→ **Exercise**: Transcribe verbatim every line from the line containing "GÜNEŞE GÖRE AYARLANDI, O" to the end of the entries, including both endpoints. Output nothing beyond those lines.

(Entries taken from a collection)
···

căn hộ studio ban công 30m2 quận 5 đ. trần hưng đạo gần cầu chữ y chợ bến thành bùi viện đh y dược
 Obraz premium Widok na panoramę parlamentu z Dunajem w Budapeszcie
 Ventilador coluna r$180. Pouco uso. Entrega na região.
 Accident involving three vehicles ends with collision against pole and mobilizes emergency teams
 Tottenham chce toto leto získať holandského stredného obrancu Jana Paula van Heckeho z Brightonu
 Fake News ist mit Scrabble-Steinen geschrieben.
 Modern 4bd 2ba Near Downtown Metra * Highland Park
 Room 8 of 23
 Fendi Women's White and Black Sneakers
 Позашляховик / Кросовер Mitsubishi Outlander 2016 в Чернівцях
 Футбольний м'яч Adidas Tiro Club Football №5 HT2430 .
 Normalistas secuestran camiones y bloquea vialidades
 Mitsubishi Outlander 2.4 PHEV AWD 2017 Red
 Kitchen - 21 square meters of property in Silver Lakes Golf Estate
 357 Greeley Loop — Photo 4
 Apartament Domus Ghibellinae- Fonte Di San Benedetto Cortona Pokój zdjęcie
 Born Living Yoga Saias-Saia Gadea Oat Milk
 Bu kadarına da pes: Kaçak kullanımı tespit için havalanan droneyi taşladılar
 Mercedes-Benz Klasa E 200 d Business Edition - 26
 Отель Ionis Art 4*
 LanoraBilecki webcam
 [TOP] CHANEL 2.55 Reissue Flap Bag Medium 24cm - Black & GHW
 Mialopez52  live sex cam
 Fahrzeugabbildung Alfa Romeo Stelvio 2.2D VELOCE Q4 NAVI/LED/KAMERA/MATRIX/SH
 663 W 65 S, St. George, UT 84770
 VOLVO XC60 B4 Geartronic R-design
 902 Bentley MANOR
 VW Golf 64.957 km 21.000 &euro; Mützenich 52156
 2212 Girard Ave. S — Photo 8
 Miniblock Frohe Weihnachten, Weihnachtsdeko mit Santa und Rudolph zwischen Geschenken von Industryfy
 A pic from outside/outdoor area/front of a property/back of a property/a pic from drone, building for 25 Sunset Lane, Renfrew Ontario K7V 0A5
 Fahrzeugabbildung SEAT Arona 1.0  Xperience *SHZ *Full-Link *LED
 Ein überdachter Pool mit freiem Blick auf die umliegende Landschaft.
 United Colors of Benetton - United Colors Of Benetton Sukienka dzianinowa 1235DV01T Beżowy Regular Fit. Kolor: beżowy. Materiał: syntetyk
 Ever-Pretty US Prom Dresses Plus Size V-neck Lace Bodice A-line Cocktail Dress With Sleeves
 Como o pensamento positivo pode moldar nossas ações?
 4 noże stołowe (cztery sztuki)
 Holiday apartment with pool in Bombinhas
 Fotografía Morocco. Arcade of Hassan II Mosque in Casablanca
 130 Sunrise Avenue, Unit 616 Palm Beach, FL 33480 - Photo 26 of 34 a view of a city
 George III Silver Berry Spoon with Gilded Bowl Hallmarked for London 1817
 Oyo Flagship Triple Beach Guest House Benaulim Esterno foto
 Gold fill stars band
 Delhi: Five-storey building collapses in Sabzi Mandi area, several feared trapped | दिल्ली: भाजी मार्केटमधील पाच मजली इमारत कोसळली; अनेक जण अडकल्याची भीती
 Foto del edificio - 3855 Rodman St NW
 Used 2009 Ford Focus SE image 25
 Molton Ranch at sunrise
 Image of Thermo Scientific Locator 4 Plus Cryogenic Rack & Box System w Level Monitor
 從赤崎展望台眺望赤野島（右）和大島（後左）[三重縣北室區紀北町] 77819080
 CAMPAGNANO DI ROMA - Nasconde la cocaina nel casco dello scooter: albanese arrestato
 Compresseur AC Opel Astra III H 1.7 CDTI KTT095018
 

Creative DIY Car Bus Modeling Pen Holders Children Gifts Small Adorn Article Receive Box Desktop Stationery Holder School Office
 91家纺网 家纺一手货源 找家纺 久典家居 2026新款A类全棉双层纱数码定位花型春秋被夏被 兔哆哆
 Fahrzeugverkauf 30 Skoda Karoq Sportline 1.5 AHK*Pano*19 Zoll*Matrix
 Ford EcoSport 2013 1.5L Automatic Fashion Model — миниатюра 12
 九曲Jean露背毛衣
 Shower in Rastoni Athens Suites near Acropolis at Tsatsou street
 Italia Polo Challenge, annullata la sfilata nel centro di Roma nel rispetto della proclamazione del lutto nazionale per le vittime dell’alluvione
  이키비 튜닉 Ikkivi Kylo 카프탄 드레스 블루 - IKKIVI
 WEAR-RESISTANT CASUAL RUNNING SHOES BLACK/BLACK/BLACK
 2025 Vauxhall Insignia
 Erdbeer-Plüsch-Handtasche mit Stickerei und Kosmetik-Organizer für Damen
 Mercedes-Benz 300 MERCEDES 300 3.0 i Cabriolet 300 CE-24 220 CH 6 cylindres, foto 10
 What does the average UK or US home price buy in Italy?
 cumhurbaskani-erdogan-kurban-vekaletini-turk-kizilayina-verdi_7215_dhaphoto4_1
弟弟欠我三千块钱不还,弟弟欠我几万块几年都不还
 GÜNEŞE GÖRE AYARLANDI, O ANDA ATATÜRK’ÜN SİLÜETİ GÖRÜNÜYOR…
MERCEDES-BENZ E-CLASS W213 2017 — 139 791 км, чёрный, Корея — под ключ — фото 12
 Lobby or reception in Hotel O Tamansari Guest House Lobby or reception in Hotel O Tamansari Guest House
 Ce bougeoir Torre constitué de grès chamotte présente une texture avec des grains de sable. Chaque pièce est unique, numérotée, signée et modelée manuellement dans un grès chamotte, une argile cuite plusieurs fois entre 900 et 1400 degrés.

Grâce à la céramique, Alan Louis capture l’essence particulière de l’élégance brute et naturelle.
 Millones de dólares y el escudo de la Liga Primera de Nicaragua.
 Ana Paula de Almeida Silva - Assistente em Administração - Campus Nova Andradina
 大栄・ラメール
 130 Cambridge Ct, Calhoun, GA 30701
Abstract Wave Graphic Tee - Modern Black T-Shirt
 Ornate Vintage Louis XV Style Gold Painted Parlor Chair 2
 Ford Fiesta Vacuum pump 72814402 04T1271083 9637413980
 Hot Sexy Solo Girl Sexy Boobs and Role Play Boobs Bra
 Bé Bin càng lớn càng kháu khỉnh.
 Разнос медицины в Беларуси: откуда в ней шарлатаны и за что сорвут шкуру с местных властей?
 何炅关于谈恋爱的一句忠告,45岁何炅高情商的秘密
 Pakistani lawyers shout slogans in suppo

···

→ **Reply**:
 GÜNEŞE GÖRE AYARLANDI, O ANDA ATATÜRK’ÜN SİLÜETİ GÖRÜNÜYOR…
MERCEDES-BENZ E-CLASS W213 2017 — 139 791 км, чёрный, Корея — под ключ — фото 12
 Lobby or reception in Hotel O Tamansari Guest House Lobby or reception in Hotel O Tamansari Guest House
 Ce bougeoir Torre constitué de grès chamotte présente une texture avec des grains de sable. Chaque pièce est unique, numérotée, signée et modelée manuellement dans un grès chamotte, une argile cuite plusieurs fois entre 900 et 1400 degrés.

Grâce à la céramique, Alan Louis capture l’essence particulière de l’élégance brute et naturelle.
 Millones de dólares y el escudo de la Liga Primera de Nicaragua.
 Ana Paula de Almeida Silva - Assistente em Administração - Campus Nova Andradina
 大栄・ラメール
 130 Cambridge Ct, Calhoun, GA 30701
Abstract Wave Graphic Tee - Modern Black T-Shirt
 Ornate Vintage Louis XV Style Gold Painted Parlor Chair 2
 Ford Fiesta Vacuum pump 72814402 04T1271083 9637413980
 Hot Sexy Solo Girl Sexy Boobs and Role Play Boobs Bra
 Bé Bin càng lớn càng kháu khỉnh.
 Разнос медицины в Беларуси: откуда в ней шарлатаны и за что сорвут шкуру с местных властей?
 何炅关于谈恋爱的一句忠告,45岁何炅高情商的秘密
 Pakistani lawyers shout slogans in suppo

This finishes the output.